WORK TO BE COMPLETED
Once the line holding "Composition with Easter" is found in the entries below, transcribe exactly every line up to and including the one holding "Cartão Happy aniversário", but leave out the pictures.

PROVIDED DATA
%%

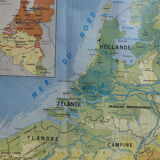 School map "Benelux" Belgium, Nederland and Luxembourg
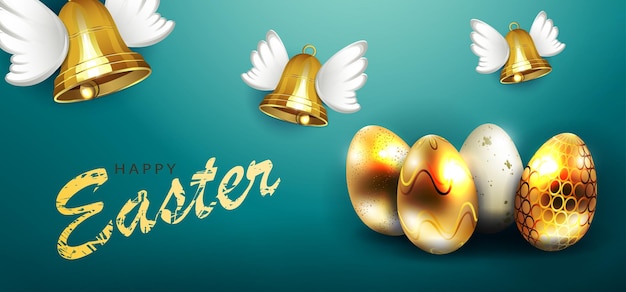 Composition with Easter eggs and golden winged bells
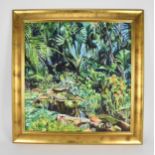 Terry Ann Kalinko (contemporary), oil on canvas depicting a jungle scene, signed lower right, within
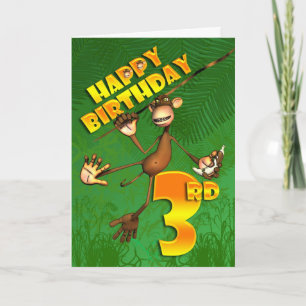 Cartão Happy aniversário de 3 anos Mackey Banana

%%
%%

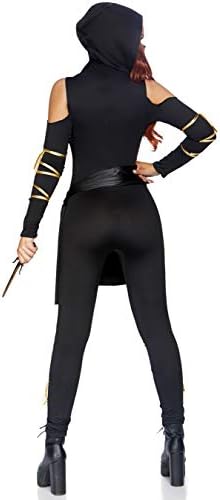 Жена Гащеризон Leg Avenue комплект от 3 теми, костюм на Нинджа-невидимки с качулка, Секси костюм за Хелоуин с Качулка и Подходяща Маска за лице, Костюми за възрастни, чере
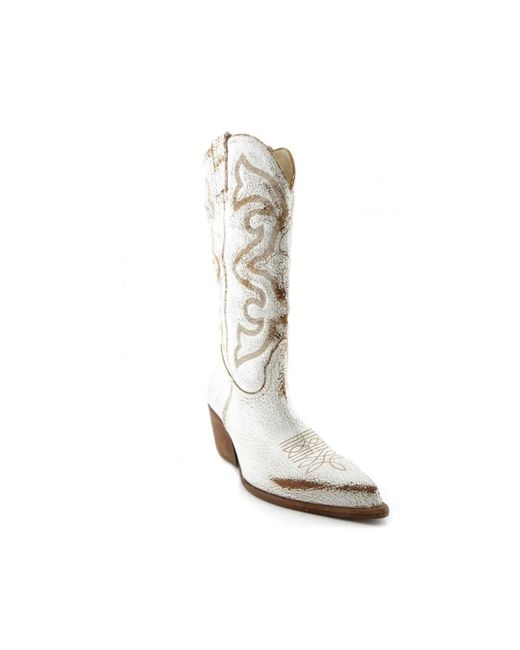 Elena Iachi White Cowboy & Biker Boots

%%
%%

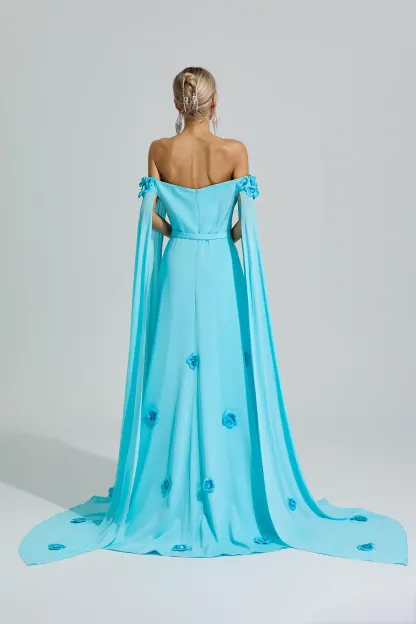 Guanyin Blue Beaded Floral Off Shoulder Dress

%%

TASK RESULT
 Composition with Easter eggs and golden winged bells
 Terry Ann Kalinko (contemporary), oil on canvas depicting a jungle scene, signed lower right, within
 Cartão Happy aniversário de 3 anos Mackey Banana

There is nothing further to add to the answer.